[AIM OF THE TASK]:
Print, unchanged, the line containing "FILSON - BUCKNER" along with all lines that follow it to the end of the listing.

======== AVAILABLE RECORDS

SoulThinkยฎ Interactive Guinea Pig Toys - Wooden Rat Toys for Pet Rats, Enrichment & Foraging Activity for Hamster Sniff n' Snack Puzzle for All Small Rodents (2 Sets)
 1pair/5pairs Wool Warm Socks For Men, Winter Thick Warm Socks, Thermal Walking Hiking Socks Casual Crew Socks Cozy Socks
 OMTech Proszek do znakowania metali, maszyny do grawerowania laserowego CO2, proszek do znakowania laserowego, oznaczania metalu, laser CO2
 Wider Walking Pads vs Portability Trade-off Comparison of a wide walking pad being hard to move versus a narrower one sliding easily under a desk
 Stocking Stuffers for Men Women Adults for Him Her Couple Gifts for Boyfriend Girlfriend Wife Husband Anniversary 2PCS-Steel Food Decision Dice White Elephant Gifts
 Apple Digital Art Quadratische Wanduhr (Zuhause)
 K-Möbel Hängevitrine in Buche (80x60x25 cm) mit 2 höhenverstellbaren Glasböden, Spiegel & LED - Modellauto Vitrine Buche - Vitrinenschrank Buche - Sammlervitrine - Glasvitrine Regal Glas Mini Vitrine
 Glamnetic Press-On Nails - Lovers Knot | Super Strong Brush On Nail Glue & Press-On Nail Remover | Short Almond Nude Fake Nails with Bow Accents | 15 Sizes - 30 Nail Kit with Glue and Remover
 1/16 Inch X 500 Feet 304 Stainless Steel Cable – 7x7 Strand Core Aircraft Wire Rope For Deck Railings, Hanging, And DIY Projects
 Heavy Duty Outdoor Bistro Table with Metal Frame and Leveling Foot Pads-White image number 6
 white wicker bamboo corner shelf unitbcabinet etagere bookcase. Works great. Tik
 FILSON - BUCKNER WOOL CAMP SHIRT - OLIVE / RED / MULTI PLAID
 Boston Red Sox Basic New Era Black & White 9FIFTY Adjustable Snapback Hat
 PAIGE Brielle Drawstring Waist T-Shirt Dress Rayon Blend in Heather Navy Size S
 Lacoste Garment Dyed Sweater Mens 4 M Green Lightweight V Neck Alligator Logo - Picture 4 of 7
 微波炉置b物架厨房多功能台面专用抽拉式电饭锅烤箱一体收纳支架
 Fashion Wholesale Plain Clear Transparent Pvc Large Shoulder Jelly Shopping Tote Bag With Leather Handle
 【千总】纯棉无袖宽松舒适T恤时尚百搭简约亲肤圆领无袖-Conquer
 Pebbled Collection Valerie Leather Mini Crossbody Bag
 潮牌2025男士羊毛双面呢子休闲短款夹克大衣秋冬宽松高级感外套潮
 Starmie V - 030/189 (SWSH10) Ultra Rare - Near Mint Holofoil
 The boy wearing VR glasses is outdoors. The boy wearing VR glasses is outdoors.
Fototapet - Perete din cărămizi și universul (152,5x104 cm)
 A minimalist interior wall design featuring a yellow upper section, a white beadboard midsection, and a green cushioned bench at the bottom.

================

[WRITTEN REPLY]:
 FILSON - BUCKNER WOOL CAMP SHIRT - OLIVE / RED / MULTI PLAID
 Boston Red Sox Basic New Era Black & White 9FIFTY Adjustable Snapback Hat
 PAIGE Brielle Drawstring Waist T-Shirt Dress Rayon Blend in Heather Navy Size S
 Lacoste Garment Dyed Sweater Mens 4 M Green Lightweight V Neck Alligator Logo - Picture 4 of 7
 微波炉置b物架厨房多功能台面专用抽拉式电饭锅烤箱一体收纳支架
 Fashion Wholesale Plain Clear Transparent Pvc Large Shoulder Jelly Shopping Tote Bag With Leather Handle
 【千总】纯棉无袖宽松舒适T恤时尚百搭简约亲肤圆领无袖-Conquer
 Pebbled Collection Valerie Leather Mini Crossbody Bag
 潮牌2025男士羊毛双面呢子休闲短款夹克大衣秋冬宽松高级感外套潮
 Starmie V - 030/189 (SWSH10) Ultra Rare - Near Mint Holofoil
 The boy wearing VR glasses is outdoors. The boy wearing VR glasses is outdoors.
Fototapet - Perete din cărămizi și universul (152,5x104 cm)
 A minimalist interior wall design featuring a yellow upper section, a white beadboard midsection, and a green cushioned bench at the bottom.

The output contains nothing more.